Essentially, the impact of cybertheft stemming from UX can result in lost revenue and brand reputation, and businesses that develop new data security measures and deploy them will gain customer trust.

“Markets are ready to be disrupted by companies who can get this right,” according to the TechRepublic article, which predicts companies that innovate fastest will become the businesses online consumers choose.

Where Are Companies Innovating to Protect Consumer Data and the UX?

While threats from the outside — organized crime, hackers and state-sponsored malicious actors, for instance — gain the most attention, breaches from within the organization are a growing hazard. Moreover, insider risk is even more dangerous as work-from-home becomes more widely accepted.

“Remote work is opening up new insider threats — whether it’s negligence or malicious employees – and companies are scrambling to stay on top of these unprecedented risks,” according to Threatpost.

Verizon’s 2019 Data Breach Investigations Report found that insiders committed 34% of data leaks, including employees, contractors, vendors and business partners operating within the companies’ point of sale perimeter — most often in error.

Disgruntled employees can commit insider data theft. Breaches include:

  • Avoiding safety checks on UX deployments
  • Downloading sensitive information to unsecured laptops and mobile devices
  • Uploading consumer data to unprotected cloud servers
  • Changing permissions to loosen access to sensitive consumer data

Computer Information Science development and response to insider breaches will include innovations in identity and access management, which enables companies to monitor remote workplace data entry by creating audit trails that record how employees handle data.

“Unless there was an established data protection policy in place that took into consideration remote employees with outlined controls, companies will experience data loss whether they realize it or not,” Threatpost warns.

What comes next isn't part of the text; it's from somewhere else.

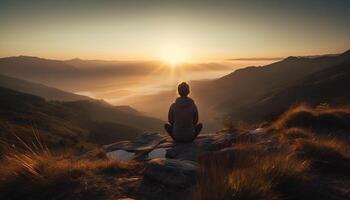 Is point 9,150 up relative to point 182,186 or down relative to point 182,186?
up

Demand for cybersecurity professionals is growing with the need to protect consumer data and improve their experience in the digital marketplace, but supply is low.

Companies, therefore, are willing to pay a premium for specialists who have an advanced understanding of the software development processes, proven strategies for gathering and safeguarding digital data and demonstrated secure testing standards and protocols. Through courses that address aspects of UX, such as Client Interface Development and Mobile Development, La Salle’s online M.S. in Computer Information Science – IT and Cybersecurity Policy program equips professionals with the knowledge to address this demand.